Thank for you responds. It was late in the evening and I had to bump the ISO up. I could not even get a good look through the binos so I would not hang to much on the color.
I was more asking about the shape, wings and tail etc
 

jimmmer

Well-known member
Can you comment on the color? is seems in the image that the color is reddish brown with darker outer half of tail, but did you have the same/different impression in the field? Sometimes color is off on images due to white-balance issues.

Niels

Thank for you responds. It was late in the evening and I had to bump the ISO up. I could not even get a good look through the binos so I would not hang to much on the color.
I was more asking about the shape, wings and tail etc
 

njlarsen

Well-known member
Opus Editor
It looks like any hawk would be a real rarity in Barbados? Falcons are bad enough ;)

Niels
 

RafaelMatias

Unknown member
Portugal
The silhouette of the OP bird is absolutely typical of falcon (Falco sp.), with very triangular, narrow tipped hand; also you can see the straighter trailing edge to the secondaries (it's curved and variably bulging in Accipiter sp.). Here's a Cooper's in a comparable position (note broad wing tip, with visible "fingers": https://goo.gl/images/xodXgP). Note also that there seem to be no records of Accipiter hawks in Barbados.
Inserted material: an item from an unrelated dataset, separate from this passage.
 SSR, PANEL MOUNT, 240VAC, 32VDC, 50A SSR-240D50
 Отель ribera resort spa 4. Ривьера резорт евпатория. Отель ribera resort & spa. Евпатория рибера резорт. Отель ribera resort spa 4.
I'd say with that shape your options are down to Peregrine and Merlin only; if I had to choose from the two I'd favour the latter on structure, but could be tricky. Both falcon species are on Barbados list and an additional, American Kestrel, is a vagrant (but it's excluded as a possibility for the present case on shape).
 

jimmmer

Well-known member
From the size of the bird it would have to be a female Peregrine Falcon. Thank Rafael for giving the explanation it thought me a lot.
 

Valéry Schollaert

Respect animals, don't eat or wear their body or s
The silhouette of the OP bird is absolutely typical of falcon (Falco sp.), with very triangular, narrow tipped hand; also you can see the straighter trailing edge to the secondaries (it's curved and variably bulging in Accipiter sp.). Here's a Cooper's in a comparable position (note broad wing tip, with visible "fingers": https://goo.gl/images/xodXgP). Note also that there seem to be no records of Accipiter hawks in Barbados.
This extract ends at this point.